The Treasure Hunter

A blog by Joanne Yatvin

How to Help Schools Survive in Hard Times

on June 2, 2016

With today’s post I have gone out on a limb to give my own ideas of where school costs should be cut in hard times.  I must admit that I was motivated more by my own perceptions of how many school districts waste money than by the real and reprehensible situation of the Kansas public schools.  In my own experiences as a principal, and later as the superintendent of a small rural district, we received a modest amount of funds, voted upon in the early years by our community and later determined by the state on the size of our student enrollment.  But we made our funds go farther by not buyong any student workbooks, commercial teaching programs, and only very few new textbooks.  Our teachers were smart enough and experienced enough to create their own units and student assignments and to pull together the background  information for teaching science and social studies.  We also put more money into our library for new books and technology than most schools and kept it open during the noon hour, and at other times for teachers to send small groups there to do research. To teach reading–plus history and geography– we bought paperback copies of high quality literature that provided a wide range of topics and reading difficulty so that teachers could choose what their students needed and were interested in without depriving other teachers and their classes of what they needed.  We always had enough funds to cover all our students’ needs and to provide for some special materials that teachers requested, such as plants, fish and their tanks, and small animals to observe for science units.

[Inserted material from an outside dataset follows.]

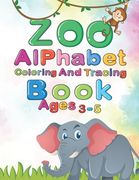 Zoo Alphabet, Tracing And Coloring Book For Kids: Funny Letter Tracing and Coloring Animals Book For Kids Ages 3-5,79 pages, 8.5x11 inches ( Tracing a (en Inglés)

According to an article in yesterday’s New York Times, supplemented by an editorial in today’s edition, the public schools in the state of Kansas are in dire straights as a result of budget cuts over the past few years. In many schools, especially those in high poverty areas, class sizes have increased significantly, learning programs have been eliminated, teachers laid off, and the number of school days reduced. In addition, much needed building repairs and regular upkeep routines have been neglected. No action has been taken to close and replace old and decrepit school buildings that may be dangerous to students and faculty members. Finally, the current school funding system appears to favor schools in wealthy communities.

Although the Times blames the state Governor and the Legislature for creating these problems in order to give tax cuts to the wealthy, and for the failure to act where it is necessary; I am not qualified to make any such judgments–at least, not publicly. On the other hand, as a seasoned school principal and a district superintendent for ten years, I feel qualified to make suggestions for school district economies that would alleviate the bad situations that now exist and also to name areas that should not be touched. But I must also make clear that most of my suggestions are meant to be temporary actions in times of crisis.

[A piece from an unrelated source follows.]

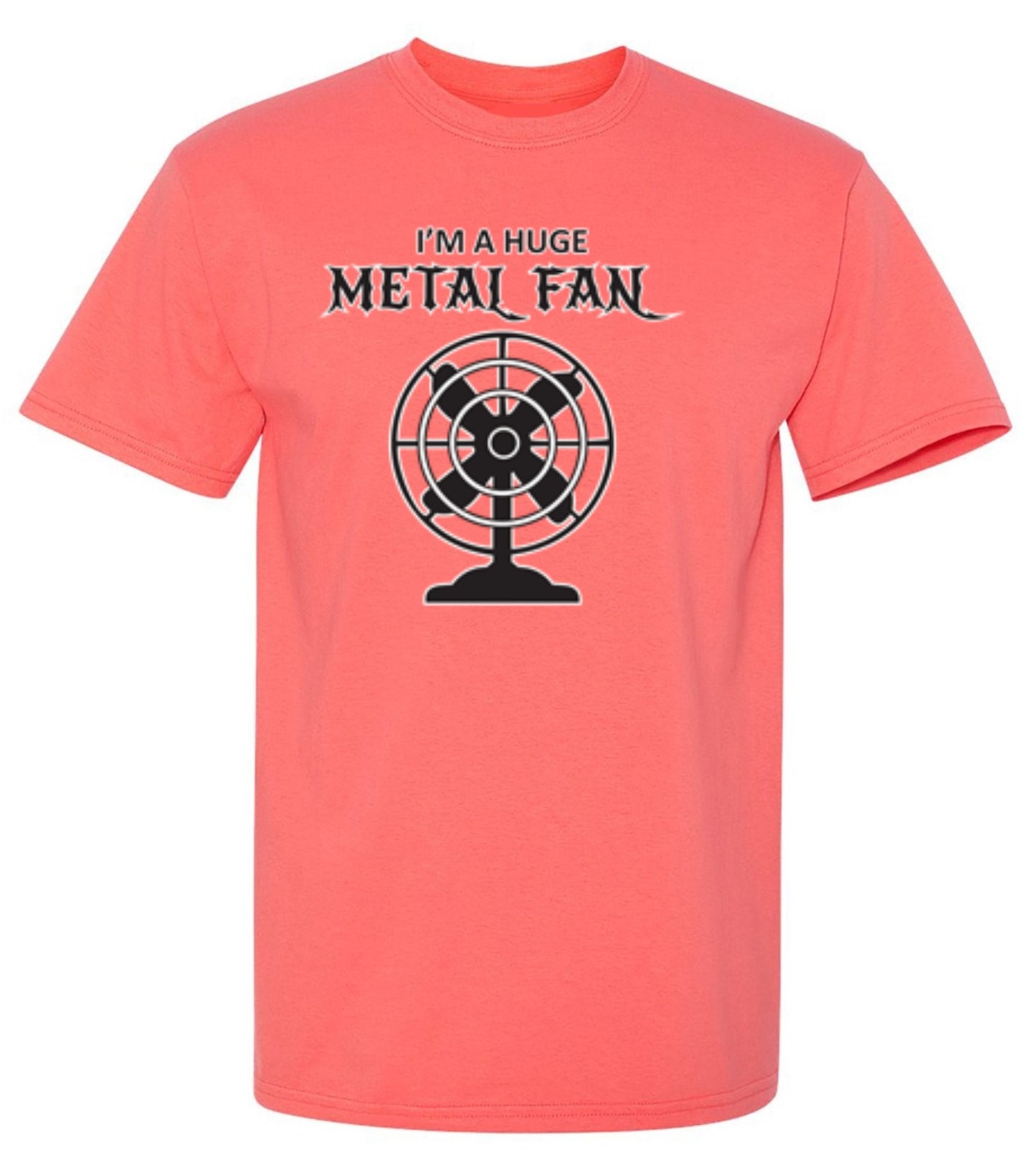Funny T-Shirts design "I'm A Huge Metal Fan - Tall Tee"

The basic role of any school is to serve and protect its students. But, at the same time, the core responsibility of a school district is to do whatever is necessary to enable its schools to fulfill that role. Ironically, some of the actions and structures kept in schools by tradition are unnecessary. When financial conditions improve, a district needs to reconsider what is necessary and what is a pointless luxury. It is then the duty of the state legislature to pass legislation that will provide the funds needed to enable schools to operate effectively. Here are my suggestions:

  1. Any school lay-offs should begin with employees who do not work directly with students or maintain essential school operations. District officials must first consider the necessity of members of their own staff and any outside consultants before layong off teachers, instructional aides, or school custodians.
  2. In a time of fiscal insufficiency a school district should terminate any contracts with standardized test providers. If summative tests must be given under state law, they can be designed, implemented and scored by the teachers of the students to be tested. If such testing is not required by state law, it should be suspended for the duration of the fiscal emergency.
  3. School districts should suspend the purchase of unnecessary classroom materials, such as workbooks and new textbooks. Teachers can design their own curricula and teaching materials. Old textbooks still physically intact can be used by students, and teachers can construct their own practice assignments.
  4. Competitive sports and other out of school activities should be suspended. They can be replaced by intramural sports that do not require specialized equipment or student transportation.
  5. Any school buildings determined to be unsafe for students and school staff members must be closed down until there are funds enough to repair or replace them.

At the same time that the above actions have been taken without damaging the needs and rights of students, districts have sometimes made the mistake of removing or reducing other programs and personnel that are essential to school functioning. One such program is the school library and its librarian. A fully functioning library with a trained librarian and up-to-date materials is essential for student learning and teacher assistance.

Finally, I have one more suggestion for schools to function in hard times: Enlist parents to volunteer for duties that do not include teaching or supervising students. They could help in the school lunchroom, make copies of materials for teachers, organize classroom materials, and post school rules, information notices, decorations, and student work in school hallways. Parents could also form committees to see what other help they could provide to teachers and students to make them feel better in hard times.